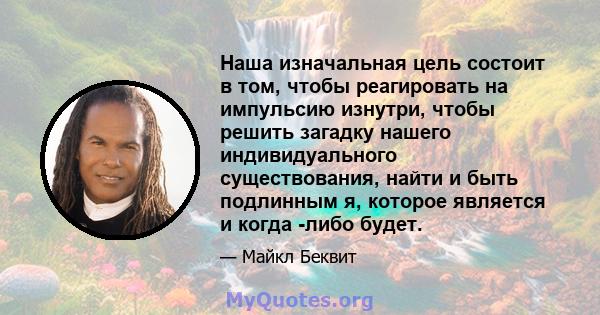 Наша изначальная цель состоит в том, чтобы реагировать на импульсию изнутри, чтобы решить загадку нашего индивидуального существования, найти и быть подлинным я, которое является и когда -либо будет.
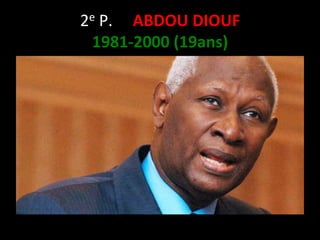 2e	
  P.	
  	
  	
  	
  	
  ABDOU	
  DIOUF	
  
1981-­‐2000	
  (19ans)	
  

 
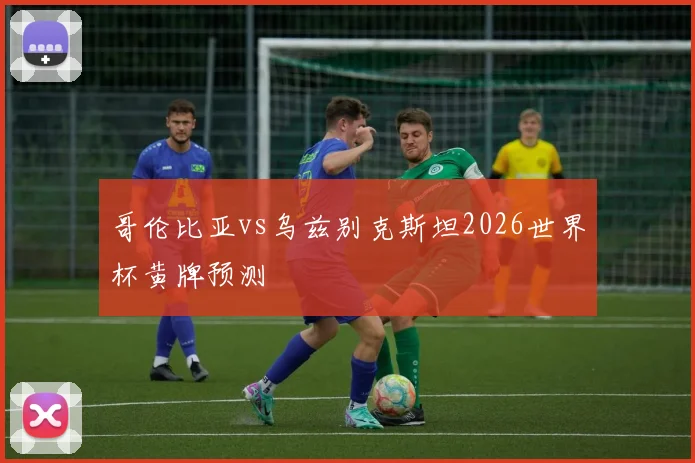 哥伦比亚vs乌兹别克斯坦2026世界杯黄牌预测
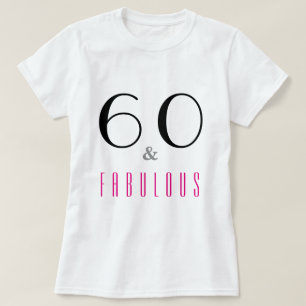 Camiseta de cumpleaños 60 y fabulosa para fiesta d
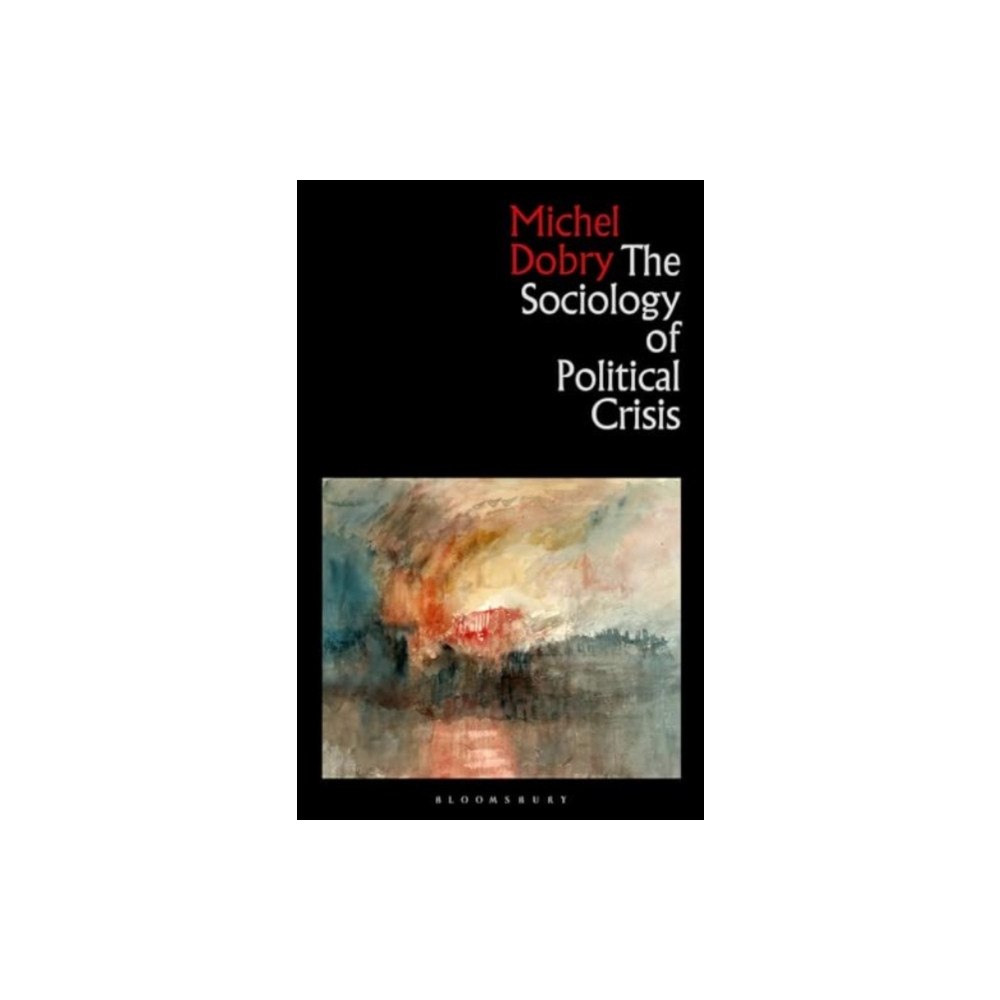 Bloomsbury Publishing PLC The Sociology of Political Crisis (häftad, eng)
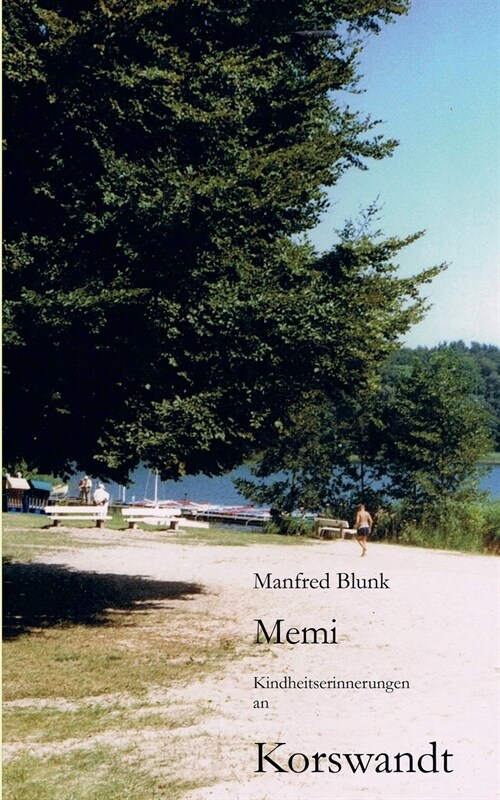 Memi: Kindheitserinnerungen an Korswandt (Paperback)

What the exercise asks =
Reproduce only the lines from the line with "Camiseta de cumpleaños" to the end of the entries. Keep both ends, copy them exactly, and omit every picture.

Exercise answer =
 Camiseta de cumpleaños 60 y fabulosa para fiesta d
 Bloomsbury Publishing PLC The Sociology of Political Crisis (häftad, eng)
 Memi: Kindheitserinnerungen an Korswandt (Paperback)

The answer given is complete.